▶ **Work task**:
Only an exact repetition of the entries counts as an answer.
*** Block opens ***
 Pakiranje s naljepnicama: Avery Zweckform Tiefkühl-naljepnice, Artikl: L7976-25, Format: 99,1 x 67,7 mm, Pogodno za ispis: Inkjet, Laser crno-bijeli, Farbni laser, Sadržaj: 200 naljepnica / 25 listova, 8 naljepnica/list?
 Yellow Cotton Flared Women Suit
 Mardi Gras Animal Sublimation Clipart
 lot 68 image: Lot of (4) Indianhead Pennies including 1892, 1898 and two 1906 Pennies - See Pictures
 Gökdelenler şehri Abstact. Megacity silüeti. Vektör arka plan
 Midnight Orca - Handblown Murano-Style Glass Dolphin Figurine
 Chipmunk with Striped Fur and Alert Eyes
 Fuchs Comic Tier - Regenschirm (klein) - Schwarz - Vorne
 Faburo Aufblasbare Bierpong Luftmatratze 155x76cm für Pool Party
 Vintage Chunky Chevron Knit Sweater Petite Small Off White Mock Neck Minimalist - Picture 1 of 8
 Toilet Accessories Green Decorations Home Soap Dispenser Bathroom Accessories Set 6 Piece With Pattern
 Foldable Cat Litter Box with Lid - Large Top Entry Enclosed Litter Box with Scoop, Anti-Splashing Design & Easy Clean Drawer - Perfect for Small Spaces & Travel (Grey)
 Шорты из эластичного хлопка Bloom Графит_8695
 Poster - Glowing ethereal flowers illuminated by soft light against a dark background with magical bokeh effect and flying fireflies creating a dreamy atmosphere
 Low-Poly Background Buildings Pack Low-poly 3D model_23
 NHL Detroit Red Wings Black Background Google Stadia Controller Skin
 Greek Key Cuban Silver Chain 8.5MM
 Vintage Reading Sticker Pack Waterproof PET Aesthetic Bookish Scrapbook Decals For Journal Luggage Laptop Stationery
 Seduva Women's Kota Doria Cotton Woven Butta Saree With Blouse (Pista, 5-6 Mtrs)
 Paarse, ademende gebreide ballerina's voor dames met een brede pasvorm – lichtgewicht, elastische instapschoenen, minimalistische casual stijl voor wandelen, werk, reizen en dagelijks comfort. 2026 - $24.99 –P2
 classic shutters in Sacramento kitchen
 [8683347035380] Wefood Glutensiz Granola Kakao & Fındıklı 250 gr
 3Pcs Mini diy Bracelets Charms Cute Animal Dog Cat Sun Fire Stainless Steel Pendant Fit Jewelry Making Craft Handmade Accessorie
*** Block closes ***
▶ **Written solution**:
 Pakiranje s naljepnicama: Avery Zweckform Tiefkühl-naljepnice, Artikl: L7976-25, Format: 99,1 x 67,7 mm, Pogodno za ispis: Inkjet, Laser crno-bijeli, Farbni laser, Sadržaj: 200 naljepnica / 25 listova, 8 naljepnica/list?
 Yellow Cotton Flared Women Suit
 Mardi Gras Animal Sublimation Clipart
 lot 68 image: Lot of (4) Indianhead Pennies including 1892, 1898 and two 1906 Pennies - See Pictures
 Gökdelenler şehri Abstact. Megacity silüeti. Vektör arka plan
 Midnight Orca - Handblown Murano-Style Glass Dolphin Figurine
 Chipmunk with Striped Fur and Alert Eyes
 Fuchs Comic Tier - Regenschirm (klein) - Schwarz - Vorne
 Faburo Aufblasbare Bierpong Luftmatratze 155x76cm für Pool Party
 Vintage Chunky Chevron Knit Sweater Petite Small Off White Mock Neck Minimalist - Picture 1 of 8
 Toilet Accessories Green Decorations Home Soap Dispenser Bathroom Accessories Set 6 Piece With Pattern
 Foldable Cat Litter Box with Lid - Large Top Entry Enclosed Litter Box with Scoop, Anti-Splashing Design & Easy Clean Drawer - Perfect for Small Spaces & Travel (Grey)
 Шорты из эластичного хлопка Bloom Графит_8695
 Poster - Glowing ethereal flowers illuminated by soft light against a dark background with magical bokeh effect and flying fireflies creating a dreamy atmosphere
 Low-Poly Background Buildings Pack Low-poly 3D model_23
 NHL Detroit Red Wings Black Background Google Stadia Controller Skin
 Greek Key Cuban Silver Chain 8.5MM
 Vintage Reading Sticker Pack Waterproof PET Aesthetic Bookish Scrapbook Decals For Journal Luggage Laptop Stationery
 Seduva Women's Kota Doria Cotton Woven Butta Saree With Blouse (Pista, 5-6 Mtrs)
 Paarse, ademende gebreide ballerina's voor dames met een brede pasvorm – lichtgewicht, elastische instapschoenen, minimalistische casual stijl voor wandelen, werk, reizen en dagelijks comfort. 2026 - $24.99 –P2
 classic shutters in Sacramento kitchen
 [8683347035380] Wefood Glutensiz Granola Kakao & Fındıklı 250 gr
 3Pcs Mini diy Bracelets Charms Cute Animal Dog Cat Sun Fire Stainless Steel Pendant Fit Jewelry Making Craft Handmade Accessorie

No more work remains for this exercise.